Викки и впрямь была первой туристкой, вероломно нарушившей границы частных владений трех крупных итало-американских семей — Барберино, Сальвини и де Карнерри. Три влиятельных преступных клана, объединившиеся три года назад после долгой кровопролитной междоусобицы в картель под названием Южный Трезубец, держали под контролем почти половину нелегального американского рынка и все транзитные каналы поставок наркотиков из Азии через Средиземноморье и океан в Штаты. Сегодня бизнес сицилийцев процветал как никогда, однако Америка и Европа продолжали с содроганием вспоминать, какой ценой был достигнут компромисс между этими амбициозными макаронниками.

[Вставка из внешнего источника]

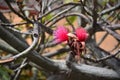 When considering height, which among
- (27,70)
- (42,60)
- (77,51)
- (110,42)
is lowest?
(110,42)

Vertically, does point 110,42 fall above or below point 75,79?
below

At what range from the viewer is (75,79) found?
953 mm

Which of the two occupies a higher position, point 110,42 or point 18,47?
point 18,47

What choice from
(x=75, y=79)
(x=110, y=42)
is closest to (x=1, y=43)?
(x=75, y=79)

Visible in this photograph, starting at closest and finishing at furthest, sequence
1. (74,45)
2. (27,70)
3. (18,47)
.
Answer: (74,45), (18,47), (27,70)

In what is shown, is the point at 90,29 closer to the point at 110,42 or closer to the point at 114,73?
the point at 114,73

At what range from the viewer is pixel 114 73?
2.99 ft

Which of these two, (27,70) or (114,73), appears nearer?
(114,73)

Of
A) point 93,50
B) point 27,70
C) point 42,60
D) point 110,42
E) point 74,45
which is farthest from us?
point 110,42

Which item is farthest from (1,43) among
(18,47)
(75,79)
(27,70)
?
(27,70)

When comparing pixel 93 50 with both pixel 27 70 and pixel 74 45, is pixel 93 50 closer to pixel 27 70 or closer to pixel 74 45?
pixel 74 45

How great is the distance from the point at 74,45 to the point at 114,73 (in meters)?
0.35

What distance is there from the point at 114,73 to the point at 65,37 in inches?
13.6

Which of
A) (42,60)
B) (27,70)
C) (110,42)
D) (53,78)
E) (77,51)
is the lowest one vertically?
(110,42) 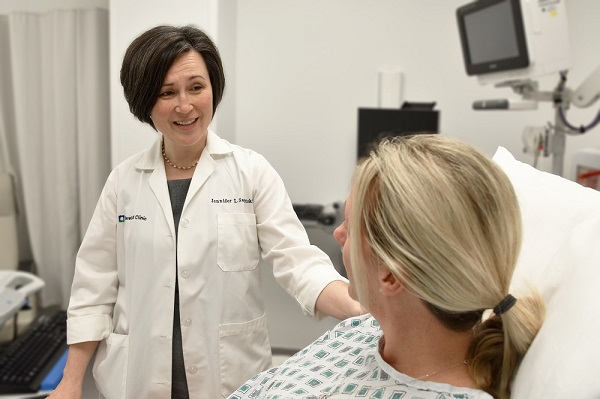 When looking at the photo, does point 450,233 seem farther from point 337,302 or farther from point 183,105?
point 183,105

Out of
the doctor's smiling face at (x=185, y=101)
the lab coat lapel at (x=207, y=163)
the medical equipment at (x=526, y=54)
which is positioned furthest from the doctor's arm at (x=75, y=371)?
the medical equipment at (x=526, y=54)

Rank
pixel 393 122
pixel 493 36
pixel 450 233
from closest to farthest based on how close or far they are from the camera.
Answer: pixel 450 233
pixel 493 36
pixel 393 122

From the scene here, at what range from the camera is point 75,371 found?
130 cm

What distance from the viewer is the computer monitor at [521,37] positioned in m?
2.06

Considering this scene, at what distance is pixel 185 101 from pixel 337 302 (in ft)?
1.81

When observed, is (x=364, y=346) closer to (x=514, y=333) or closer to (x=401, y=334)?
(x=401, y=334)

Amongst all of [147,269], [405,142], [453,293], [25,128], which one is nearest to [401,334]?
[453,293]

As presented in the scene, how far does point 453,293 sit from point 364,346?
0.33 meters

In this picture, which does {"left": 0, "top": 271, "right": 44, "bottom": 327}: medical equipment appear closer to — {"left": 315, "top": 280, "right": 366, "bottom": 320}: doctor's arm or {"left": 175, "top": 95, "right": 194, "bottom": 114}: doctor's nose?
{"left": 175, "top": 95, "right": 194, "bottom": 114}: doctor's nose

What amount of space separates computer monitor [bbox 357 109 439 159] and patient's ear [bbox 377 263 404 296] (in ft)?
5.98

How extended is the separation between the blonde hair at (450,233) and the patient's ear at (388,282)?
2 centimetres

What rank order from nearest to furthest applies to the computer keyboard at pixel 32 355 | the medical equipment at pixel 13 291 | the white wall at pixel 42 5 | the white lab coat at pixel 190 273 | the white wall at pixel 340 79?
the white lab coat at pixel 190 273, the computer keyboard at pixel 32 355, the medical equipment at pixel 13 291, the white wall at pixel 42 5, the white wall at pixel 340 79

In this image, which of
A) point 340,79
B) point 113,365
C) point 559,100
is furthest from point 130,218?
point 340,79

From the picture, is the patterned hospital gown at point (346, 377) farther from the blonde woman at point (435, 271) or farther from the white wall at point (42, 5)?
the white wall at point (42, 5)
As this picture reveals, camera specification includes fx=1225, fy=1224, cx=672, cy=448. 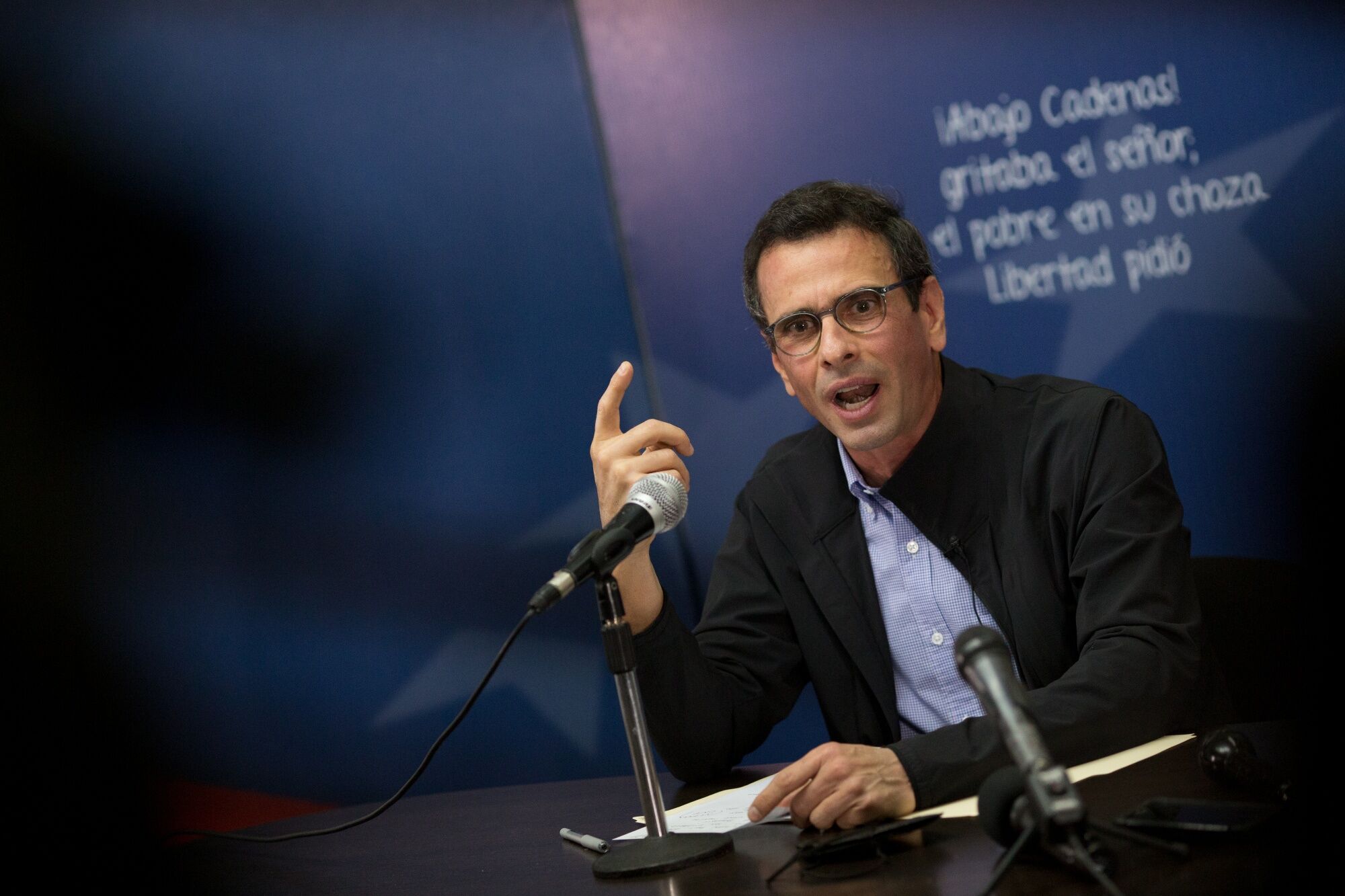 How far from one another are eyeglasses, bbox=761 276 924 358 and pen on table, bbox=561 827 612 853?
90 cm

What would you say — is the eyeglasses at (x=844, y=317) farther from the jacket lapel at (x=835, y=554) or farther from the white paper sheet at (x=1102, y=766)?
the white paper sheet at (x=1102, y=766)

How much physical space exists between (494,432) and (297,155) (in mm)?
815

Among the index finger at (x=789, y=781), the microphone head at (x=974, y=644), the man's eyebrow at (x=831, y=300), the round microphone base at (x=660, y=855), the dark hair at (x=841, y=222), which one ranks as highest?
the dark hair at (x=841, y=222)

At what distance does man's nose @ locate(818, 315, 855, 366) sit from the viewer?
2.06 meters

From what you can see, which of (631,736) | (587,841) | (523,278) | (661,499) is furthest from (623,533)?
(523,278)

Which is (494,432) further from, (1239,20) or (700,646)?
(1239,20)

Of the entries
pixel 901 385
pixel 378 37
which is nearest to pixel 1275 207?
pixel 901 385

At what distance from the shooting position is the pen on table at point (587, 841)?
154cm

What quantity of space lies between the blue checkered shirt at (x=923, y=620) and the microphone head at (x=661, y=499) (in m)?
0.72

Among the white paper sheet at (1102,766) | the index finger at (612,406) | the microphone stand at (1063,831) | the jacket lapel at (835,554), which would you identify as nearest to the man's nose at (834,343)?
the jacket lapel at (835,554)

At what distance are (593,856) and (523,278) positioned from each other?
6.18 feet

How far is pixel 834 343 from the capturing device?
2.06m

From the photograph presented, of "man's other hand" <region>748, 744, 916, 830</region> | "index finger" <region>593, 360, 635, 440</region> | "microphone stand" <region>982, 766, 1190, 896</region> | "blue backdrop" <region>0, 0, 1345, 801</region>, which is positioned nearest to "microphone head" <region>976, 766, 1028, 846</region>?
"microphone stand" <region>982, 766, 1190, 896</region>

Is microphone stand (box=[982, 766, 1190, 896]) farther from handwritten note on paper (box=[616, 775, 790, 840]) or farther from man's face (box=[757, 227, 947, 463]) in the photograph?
man's face (box=[757, 227, 947, 463]) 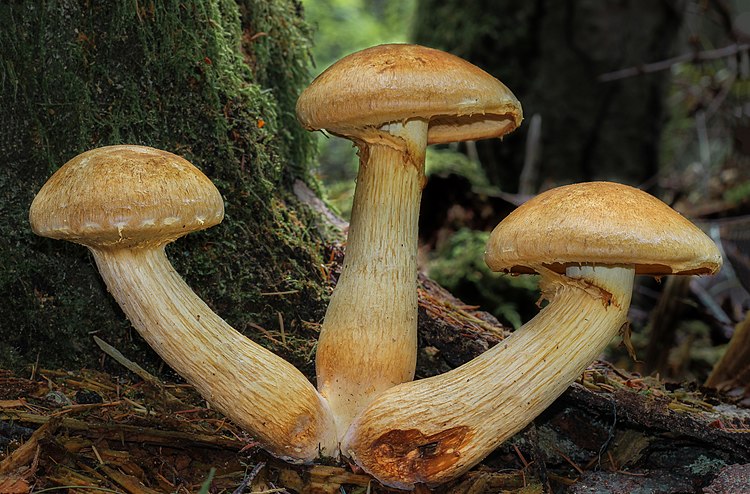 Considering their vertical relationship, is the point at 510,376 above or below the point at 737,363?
above

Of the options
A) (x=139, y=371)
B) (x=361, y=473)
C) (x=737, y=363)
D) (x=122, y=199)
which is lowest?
(x=737, y=363)

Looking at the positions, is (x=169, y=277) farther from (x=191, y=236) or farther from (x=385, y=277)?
(x=385, y=277)

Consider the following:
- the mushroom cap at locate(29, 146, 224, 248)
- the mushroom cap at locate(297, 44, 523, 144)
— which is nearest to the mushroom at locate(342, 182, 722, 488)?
the mushroom cap at locate(297, 44, 523, 144)

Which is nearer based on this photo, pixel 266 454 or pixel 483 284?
pixel 266 454

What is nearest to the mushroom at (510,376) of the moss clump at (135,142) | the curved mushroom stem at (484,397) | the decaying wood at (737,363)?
the curved mushroom stem at (484,397)

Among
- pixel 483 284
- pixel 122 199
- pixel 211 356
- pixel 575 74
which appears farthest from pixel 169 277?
pixel 575 74

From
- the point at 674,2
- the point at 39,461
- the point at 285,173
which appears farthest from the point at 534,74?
the point at 39,461

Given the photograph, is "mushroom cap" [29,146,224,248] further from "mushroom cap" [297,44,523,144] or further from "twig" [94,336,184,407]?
"twig" [94,336,184,407]

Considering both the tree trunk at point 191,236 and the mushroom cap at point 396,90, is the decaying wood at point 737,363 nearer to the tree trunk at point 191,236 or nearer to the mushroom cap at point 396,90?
the tree trunk at point 191,236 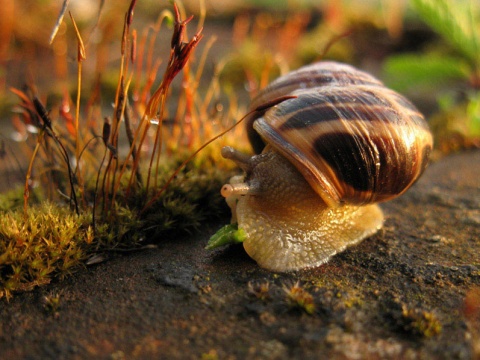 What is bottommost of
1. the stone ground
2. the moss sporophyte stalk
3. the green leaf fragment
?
the stone ground

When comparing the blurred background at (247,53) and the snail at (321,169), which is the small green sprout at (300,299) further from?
the blurred background at (247,53)

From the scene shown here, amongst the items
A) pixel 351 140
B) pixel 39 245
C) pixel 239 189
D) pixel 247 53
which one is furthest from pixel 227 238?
pixel 247 53

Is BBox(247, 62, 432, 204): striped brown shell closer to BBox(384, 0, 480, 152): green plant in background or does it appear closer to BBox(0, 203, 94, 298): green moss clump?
BBox(0, 203, 94, 298): green moss clump

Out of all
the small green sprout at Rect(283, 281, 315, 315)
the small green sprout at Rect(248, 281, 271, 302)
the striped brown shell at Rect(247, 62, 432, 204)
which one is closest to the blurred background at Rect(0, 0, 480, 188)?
the striped brown shell at Rect(247, 62, 432, 204)

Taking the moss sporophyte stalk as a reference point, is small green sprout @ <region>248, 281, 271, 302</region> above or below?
below

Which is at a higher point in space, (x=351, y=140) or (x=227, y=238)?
(x=351, y=140)

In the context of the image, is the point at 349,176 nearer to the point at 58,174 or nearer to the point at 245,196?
the point at 245,196

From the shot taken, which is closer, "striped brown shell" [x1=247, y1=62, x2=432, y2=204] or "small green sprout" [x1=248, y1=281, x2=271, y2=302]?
"small green sprout" [x1=248, y1=281, x2=271, y2=302]

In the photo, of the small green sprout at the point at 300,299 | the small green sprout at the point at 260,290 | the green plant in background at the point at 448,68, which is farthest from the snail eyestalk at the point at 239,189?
the green plant in background at the point at 448,68

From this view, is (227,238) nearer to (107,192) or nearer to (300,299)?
(300,299) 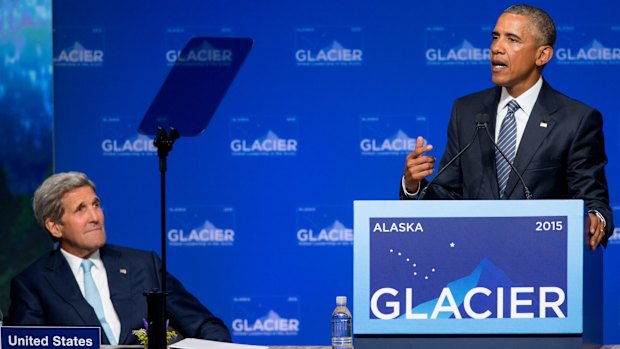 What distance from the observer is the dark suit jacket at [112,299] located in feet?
12.4

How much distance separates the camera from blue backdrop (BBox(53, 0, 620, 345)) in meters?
5.83

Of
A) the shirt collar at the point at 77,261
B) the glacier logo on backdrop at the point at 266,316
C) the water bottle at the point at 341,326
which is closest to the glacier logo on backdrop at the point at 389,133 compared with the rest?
the glacier logo on backdrop at the point at 266,316

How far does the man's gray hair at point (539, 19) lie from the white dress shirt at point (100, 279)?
170 cm

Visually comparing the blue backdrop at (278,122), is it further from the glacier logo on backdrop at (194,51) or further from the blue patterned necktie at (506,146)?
the blue patterned necktie at (506,146)

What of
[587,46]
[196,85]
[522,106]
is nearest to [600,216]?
[522,106]

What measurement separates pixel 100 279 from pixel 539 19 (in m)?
1.79

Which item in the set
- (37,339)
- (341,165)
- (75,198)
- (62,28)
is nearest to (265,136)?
→ (341,165)

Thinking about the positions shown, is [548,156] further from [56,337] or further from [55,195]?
[55,195]

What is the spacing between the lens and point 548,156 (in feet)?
11.2

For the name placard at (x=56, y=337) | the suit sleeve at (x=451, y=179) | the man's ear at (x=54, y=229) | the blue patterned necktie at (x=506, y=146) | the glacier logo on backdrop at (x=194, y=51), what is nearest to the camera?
the name placard at (x=56, y=337)

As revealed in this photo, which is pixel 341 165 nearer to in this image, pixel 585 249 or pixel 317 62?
pixel 317 62

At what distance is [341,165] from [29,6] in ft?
6.20

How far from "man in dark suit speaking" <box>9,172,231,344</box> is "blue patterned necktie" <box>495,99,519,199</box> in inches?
44.0

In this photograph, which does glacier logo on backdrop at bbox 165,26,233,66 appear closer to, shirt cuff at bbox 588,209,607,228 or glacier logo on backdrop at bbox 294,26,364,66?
glacier logo on backdrop at bbox 294,26,364,66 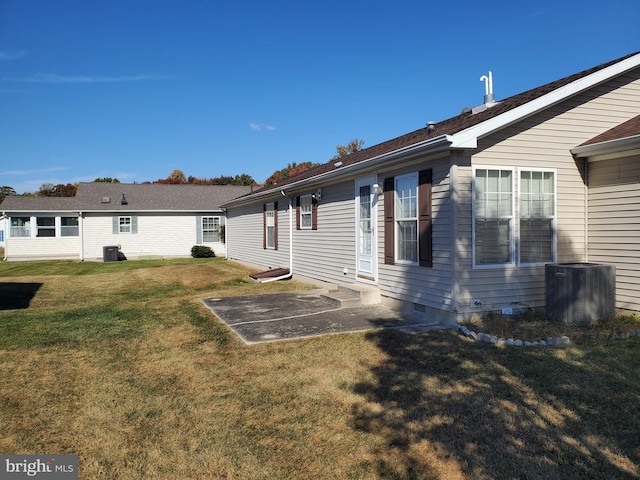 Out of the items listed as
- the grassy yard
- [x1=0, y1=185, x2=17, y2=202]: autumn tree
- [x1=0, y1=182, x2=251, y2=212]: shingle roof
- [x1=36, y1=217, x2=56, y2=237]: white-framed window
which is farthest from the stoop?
[x1=0, y1=185, x2=17, y2=202]: autumn tree

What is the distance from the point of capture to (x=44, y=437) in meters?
3.71

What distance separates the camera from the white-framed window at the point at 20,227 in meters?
25.6

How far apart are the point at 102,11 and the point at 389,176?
323 inches

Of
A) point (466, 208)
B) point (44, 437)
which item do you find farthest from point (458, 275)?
point (44, 437)

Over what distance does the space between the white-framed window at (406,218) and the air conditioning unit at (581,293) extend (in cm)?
226

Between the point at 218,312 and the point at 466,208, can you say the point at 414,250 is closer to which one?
the point at 466,208

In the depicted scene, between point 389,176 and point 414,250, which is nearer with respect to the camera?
point 414,250

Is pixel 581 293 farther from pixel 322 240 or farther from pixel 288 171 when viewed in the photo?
pixel 288 171

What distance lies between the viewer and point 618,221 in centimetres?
757

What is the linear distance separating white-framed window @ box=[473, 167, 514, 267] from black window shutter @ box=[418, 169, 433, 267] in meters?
0.71

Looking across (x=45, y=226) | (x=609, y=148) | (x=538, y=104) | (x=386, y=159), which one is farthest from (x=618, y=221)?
(x=45, y=226)

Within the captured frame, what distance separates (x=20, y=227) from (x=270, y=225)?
59.0 ft

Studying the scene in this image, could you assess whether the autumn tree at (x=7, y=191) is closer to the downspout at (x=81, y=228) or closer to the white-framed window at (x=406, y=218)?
the downspout at (x=81, y=228)

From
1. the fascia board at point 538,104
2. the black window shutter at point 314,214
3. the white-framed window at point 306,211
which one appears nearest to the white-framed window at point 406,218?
the fascia board at point 538,104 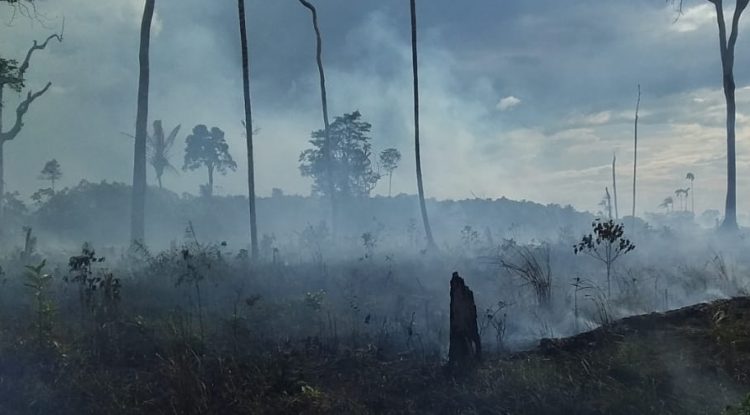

Их надолго затянувшаяся вражда унесла столько жизней, сколько не сумели унести все предшествующие ей мафиозные конфронтации вместе взятые. Вспыхивающие на улицах Лос-Анджелеса, Нью-Йорка и Чикаго межклановые столкновения принимали характер чуть ли не локальных гражданских войн. Выгорали подчистую целые кварталы. Взрывы в ресторанах, на заводах и в банках стали обыденным делом. Число невинных жертв нескончаемой резни возрастало в арифметической прогрессии, а выпуски теленовостей порой напоминали фронтовые сводки. Фамилии Барберино, Сальвини и де Карнерри получили международную известность, к чему, естественно, никто из членов этих семей изначально не стремился.

И когда на исходе четвертого года конфликта количество убитых в кланах стало преобладать над количеством выживших, здравый смысл все-таки возобладал у глав трех семей и вынудил их начать переговоры о перемирии. Сделано это было как никогда своевременно. Главные конкуренты макаронников по теневому бизнесу из Восточной Европы и Латинской Америки уже начали потирать руки, предвкушая передел сицилийского пирога, чьи хозяева вот-вот должны были перебить друг друга и оставить на растерзание коварным соперникам практически весь свой рынок. Но враждующие семьи трезво оценили ситуацию и выставили в защиту своих едва не утраченных интересов грозный Южный Трезубец. Конкуренты тут же поджали хвосты и оставили притязания на собственность новообразованного картеля, а сицилийцы принялись зализывать раны и сплачиваться еще сильнее, идя на взаимные деловые уступки и устраивая миротворческие браки между детьми из разных кланов. Будоражившие Америку мафиозные страсти наконец-то улеглись, и на некогда жарком криминальном фронте воцарился пусть зыбкий, но мир…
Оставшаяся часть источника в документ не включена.